The reading-load math for an active researcher in mid-2026: roughly 200 papers per day land on arXiv across the categories most ML researchers track. Filtered to one subfield it is 30-50 per week worth opening. Most researchers we know who keep up read 5-10 of those 30-50 per week.
The question is not "how do you read everything" because nobody does. The question is "how do you decide which 5-10 in 90 minutes". The workflow below is what we have seen survive past 6 months on the researchers who maintain it. It runs Sunday morning, takes 90 minutes total, and produces a ranked list of 1-2 papers to deep-read during the week plus 3-5 to skim plus a clean queue for next Sunday.
Borrowed from researchers who write us. Not invented.
Step 1 — Friday night: dump the week's papers into one queue (10 min)
Every paper-worth-opening that hit your feeds during the week goes into one inbox. Could be Zotero with a "Triage" collection, an Obsidian folder, a Notion database, or a plain text file. The format does not matter; the constraint matters.
The constraint: nothing gets deep-read on Friday. Nothing gets deep-read mid-week. The job Friday night is intake only. Decide nothing.
What goes in: papers you saw on X, papers from your arXiv RSS feeds, papers from editorial newsletters (TLDR AI, The Batch, Alpha Signal, DIGEST — whichever you read), papers from author whitelists, papers your advisor or PI sent. Anything where your future self might say "I should read this".
What does not go in: papers you already know you will not read (skip the dump entirely), papers you read mid-week and finished (those are done), papers you started and bounced on (move to "rejected" with a one-line note).

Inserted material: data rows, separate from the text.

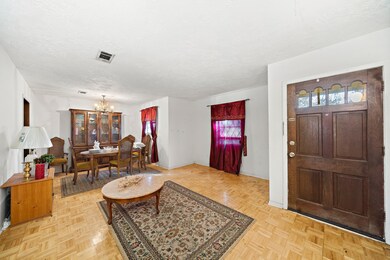 1502 Alta Vista Dr, Alvin, TX 77511 - photo 3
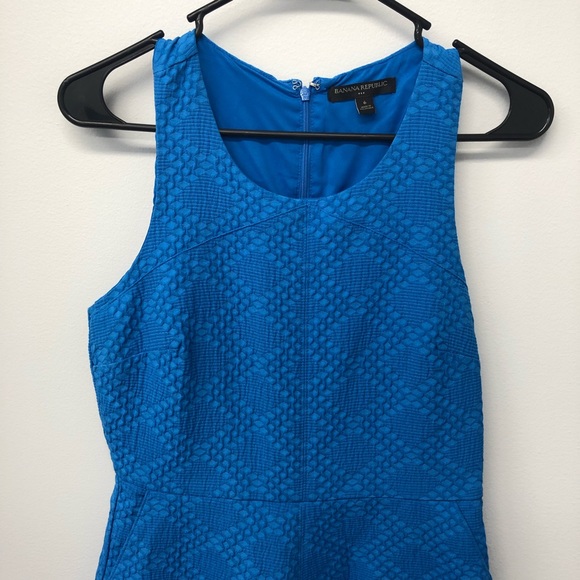 Banana Republic | Blue Textured Dress - Picture 4 of 8
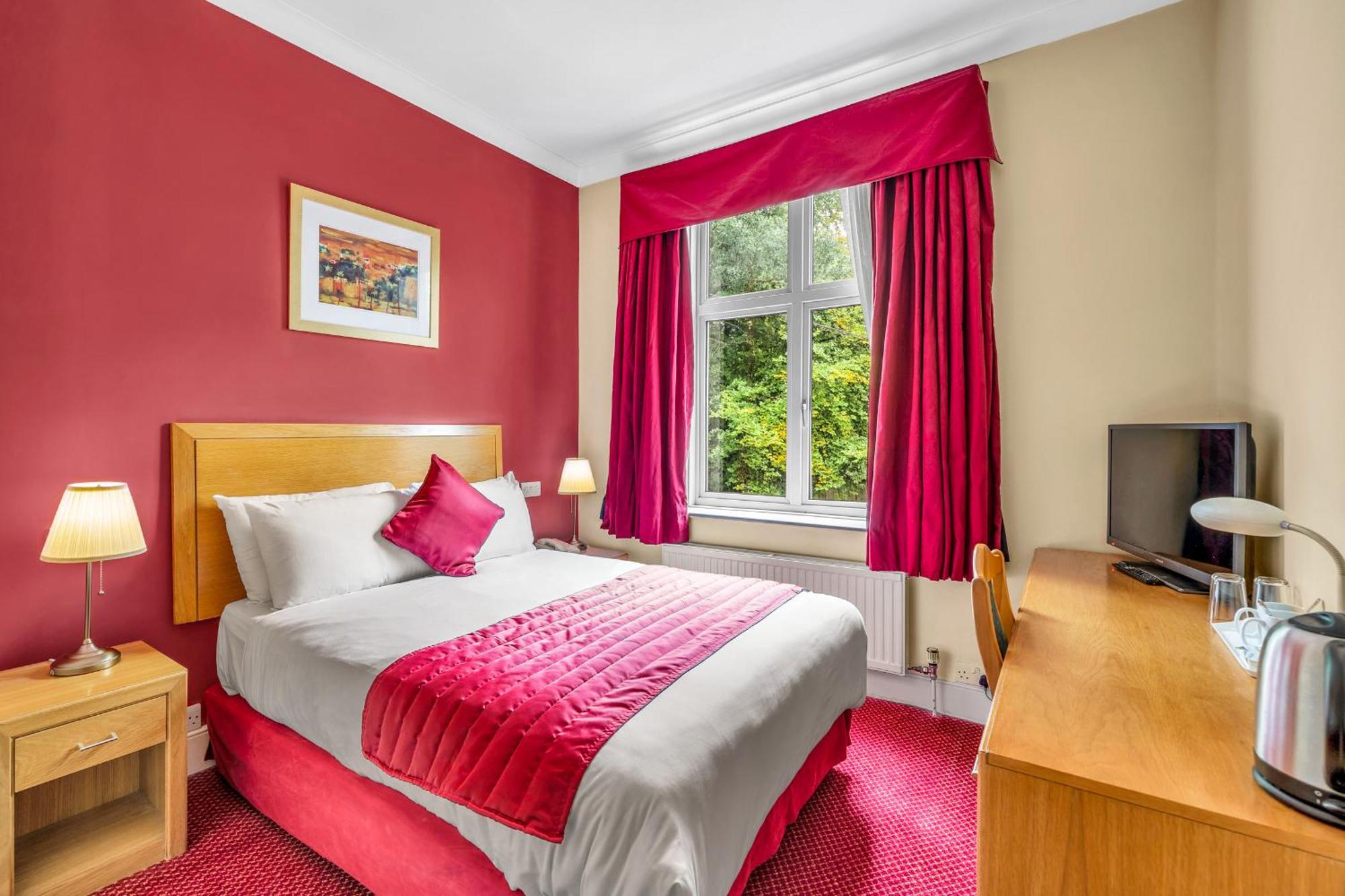 קרות'ורן Dial House Hotel מראה חיצוני תמונה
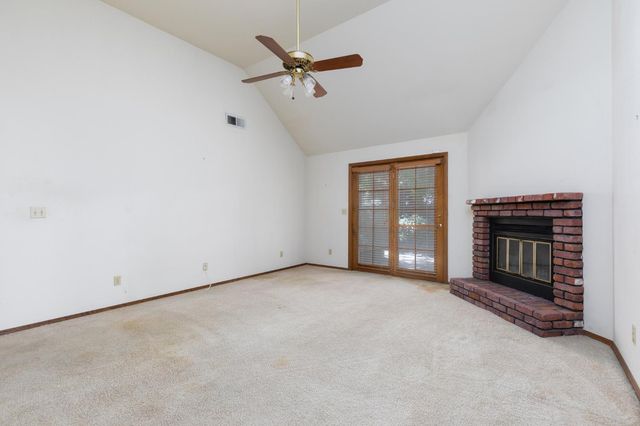 2038 Rall Avenue, Clovis, CA 93611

By Friday end-of-day the queue has 20-60 papers depending on your week. Sleep on it.
Step 2 — Saturday morning: priority-sort by 3 signals (15 min)
Saturday is the cool-down. The Friday excitement about "oh this looks great" has worn off. You can rank more honestly. Sort the queue using 3 signals only, in this order:
Signal 1 — Does this connect to active work? Your current project, your current paper, the literature review you owe. Papers that connect to active work get priority above papers that just look interesting. Mark these "active".
Signal 2 — Is the author someone whose work you have read and learned from? Track record matters. A new paper from someone whose past 3 papers you found useful is higher-priority than a new paper from a name you do not recognize. Mark these "trusted".
Signal 3 — Does the abstract suggest a result that would change something in your mental model? This is the surprise-signal. If the abstract says "we found that X is not necessary for Y" and you currently believe X is necessary for Y, that is high-priority regardless of author. Mark these "surprise".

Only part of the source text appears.